Katya Roxas is a Communications and Design Strategist at the University of British Columbia. Katya has experience with branding, content creation, and social media and has a Bachelor’s Degree in Multimedia Arts, specializing in graphic design and illustration, and a Diploma in Digital Marketing and Communications. Born and raised in the Philippines, Katya is well-versed with the sacrifices and opportunities that come with being an immigrant. Through her experiences, she strives to break the barriers of cultural misrepresentation by creating honest and inclusive visual expressions. Ricepaper interviews Katya Roxas as part of its profile of the magazine’s talented team of illustrators and artists.

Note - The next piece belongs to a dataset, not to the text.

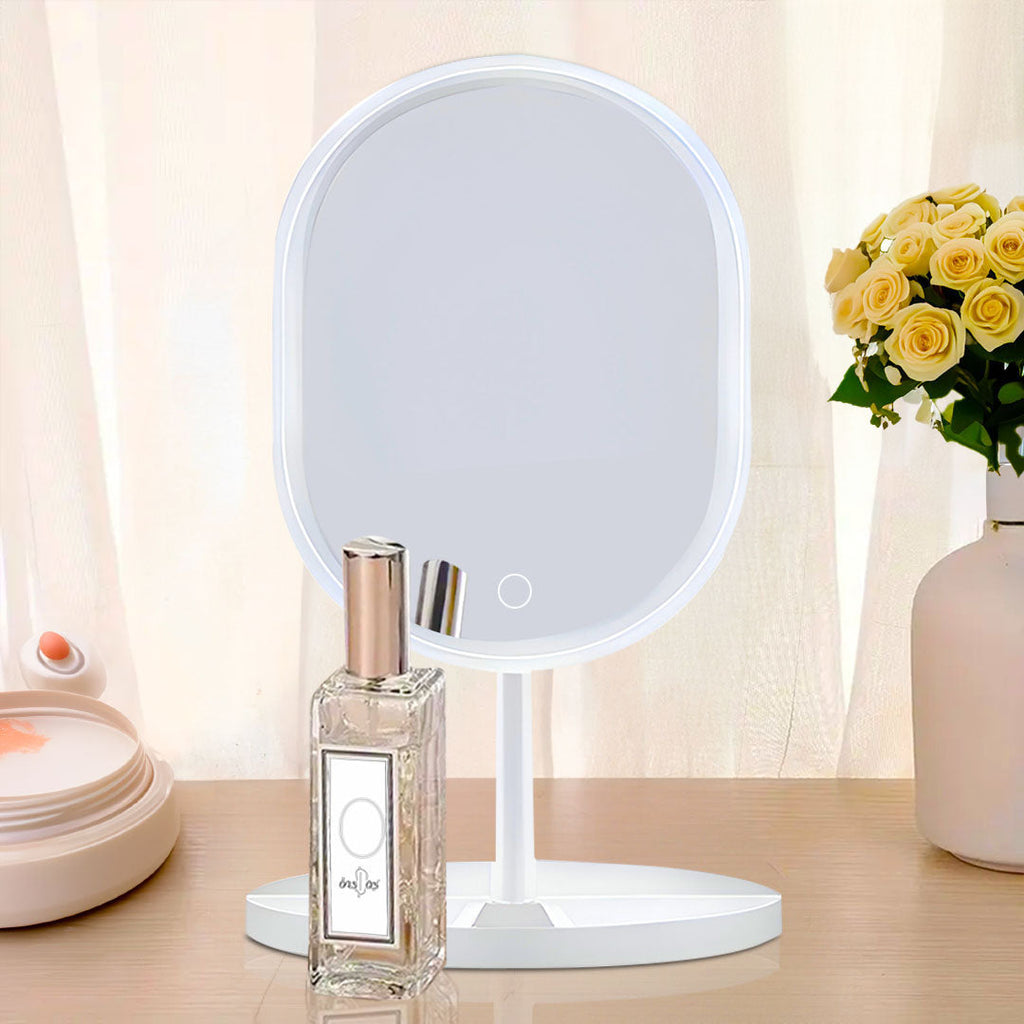 SOGA 2X 26cm White Oval Smart LED Makeup Bedroom Table Vanity Mirror Tricolor Adjustable Light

Ricepaper: Can you tell us more about your background as an Asian Canadian?
Growing up in Manila, my family was very interested in paintings created by local artists, so I’ve always been exposed to traditional media. From the get-go, however, digital platforms always appealed to me and I knew that it was something I wanted to pursue professionally. By the time I had to choose a degree, I decided to take Multimedia Arts to get better acquainted with various mediums and gain a better understanding of the technical aspects of design.

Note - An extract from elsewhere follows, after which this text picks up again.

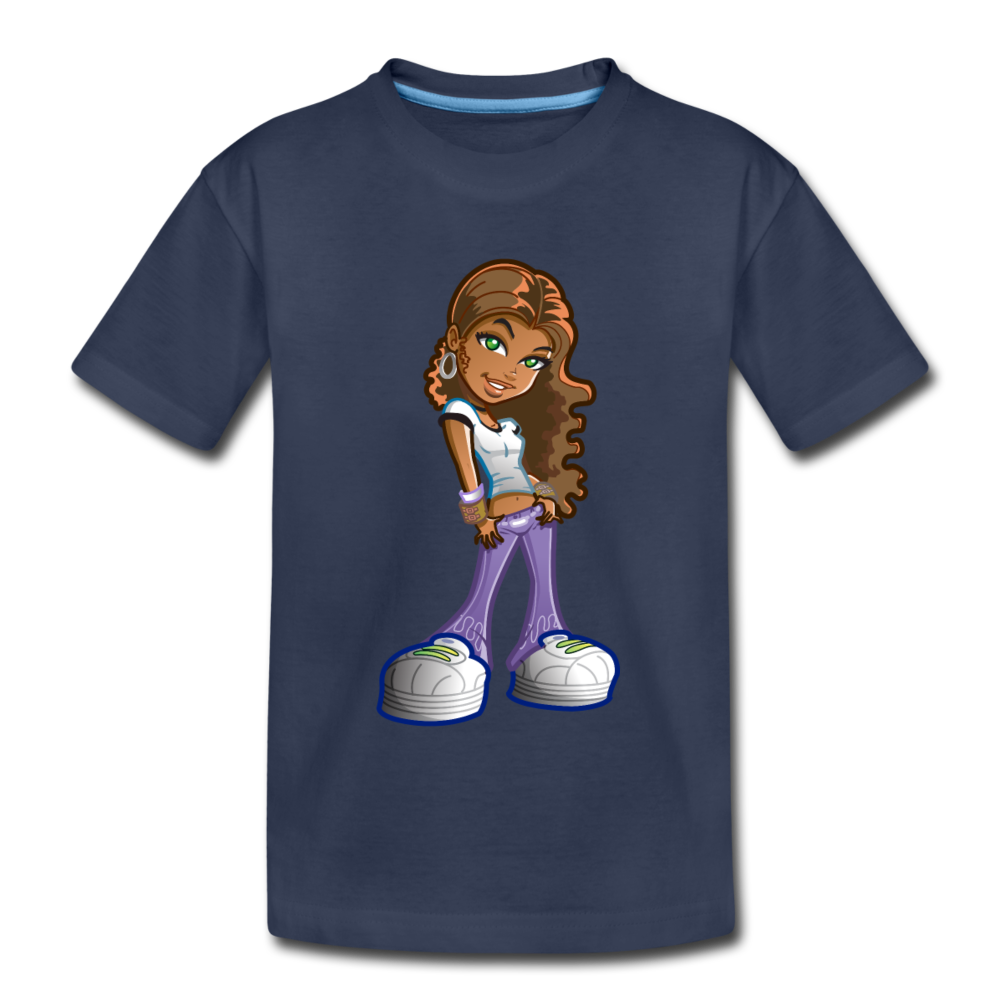 Cartoon Girl Kids T-Shirt - navy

After stepping into the actual arts and design sphere of the Philippines – from local publishing houses to an international advertising agency – I realized that I wanted to change my narrative. As embedded as I was in the art scene in Manila, I felt a strong need to shift paths and discover what my culture and heritage meant to me outside of my comfort zone. Thankfully, my family gave me the space I needed to grow and supported my aspirations – even if that meant being continents apart.
Moving to Vancouver, I’ve learned so much about the different aspects of equity and inclusion, and how much representation matters. Coming into a new culture, I’ve been internalizing my experiences and found illustrating to be the most effective process for reflection. In this foreign journey, it’s been my way of better understanding different situations and the stories that surround them.
Ricepaper: What does your work aim to say?
Take up the space you need and find beauty in the mundane of every day.
Ricepaper: How have you developed your career as an artist?
At a young age, my mom would lay out different materials for me to play with and didn’t restrict what I’d use or how I’d use them. Early on I realized that I’m a trial and error type of person, so to this day I like experimenting with different mediums and styles all the time. I really enjoy going with the flow of my emotions and what I feel will best serve my creativity at that moment. Beyond my go-to tools, I like playing with acrylic, pastel, watercolour, and charcoal. I’ve also tried upcycling some of my old garments, crocheting, and sewing notebooks. The consistent factors in all the things I do are to be mindfully present and grateful.
Ricepaper: What is your most important tool as an artist? Is there something you can’t live without in your studio?
Traditionally, my sketchbook and Pigma pens. Since I spend most of my day in front of a screen, it’s been really important for me to maintain a physical connection with more analogous mediums. There’s something about the friction between pen and paper that calms me. With all things considered from the past year, it’s the only moment I feel like I’m in total control and free of judgment.
Digitally, I really love my iPad, all its capabilities, and flexibility. It’s unlocked a new world for me to experiment with.
Ricepaper: Which current art world trends are you following?
I’ve been following artists with values and messages that I can relate to. Given the climate of increased isolation, visible racism, and discrimination, I’ve found a deep appreciation for artists who incorporate their beliefs into their art and manifest a better future.